Hard to see from the pic, but this seedling is 3 foot tall with 10 flowers. That’s pretty ambitious for a seedling. Could this be a new earlier fruiting variety? All the other seedlings I have are older and bigger with no flowers. None of my grafted ones have flowered yet either. What are your thoughts?
You have a serious winner great job!!!
Keep us posted. How does it taste? How does it do next year?
I’m not going to let it fruit. Fruit would only be golf ball size anyway. Full size would break those tiny branches.
Ok i was thinking one fruit on a top branch (to keep those side branches going) that you support with a stake just so ya can try it.
i have 0 practical experiance with pawpaw. so keep that in mind
But would it be a good idea? to graft a bud/scion of this “winner” seedling to another seedling thats not flowering so early? And see if that scion flowers earlier then. (thus seeing if this is a variety that if grafted flowers early)

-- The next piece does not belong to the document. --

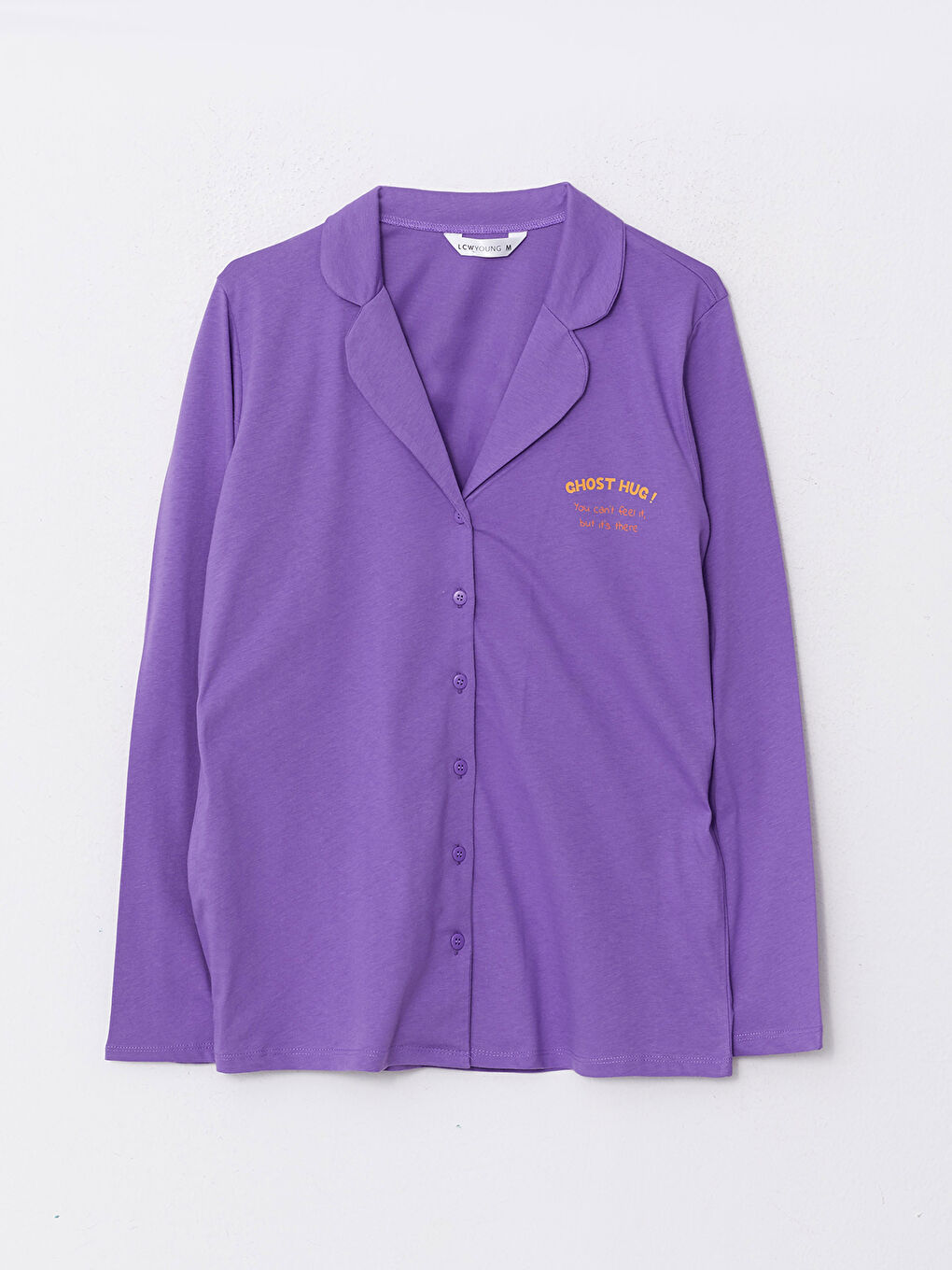 Shirt Neck Printed Long Sleeve Cotton Women's Pajama Set-6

And also grafting a variety thats known for flowering “late” onto this tree. To see if this tree might hasten it’s flowering? (seeing if this tree might be an excelent rootstock)
I remember another topic where some one wanted to interstem pawpaw for increased vigor or flowers. We talked about possible pawpaw rootstocks.
This might be a good plant to try out for that. So if it suckers you could try to keep the suckers alive and transplant them as rootstocks.
just an idea/theory
Right now it is to small to even take a scion from. Later my thought was to replicate with a graft and see if we can reproduce those results. Pawpaw take a long time to fruit, so if it flowers fast every time there may be some value there.
See our recent discussion on interstems. This may be an interesting seedling to use for that purpose to coax along another cultivar which normally takes a long time to fruit. I may be interested in a scion to experiment in the future.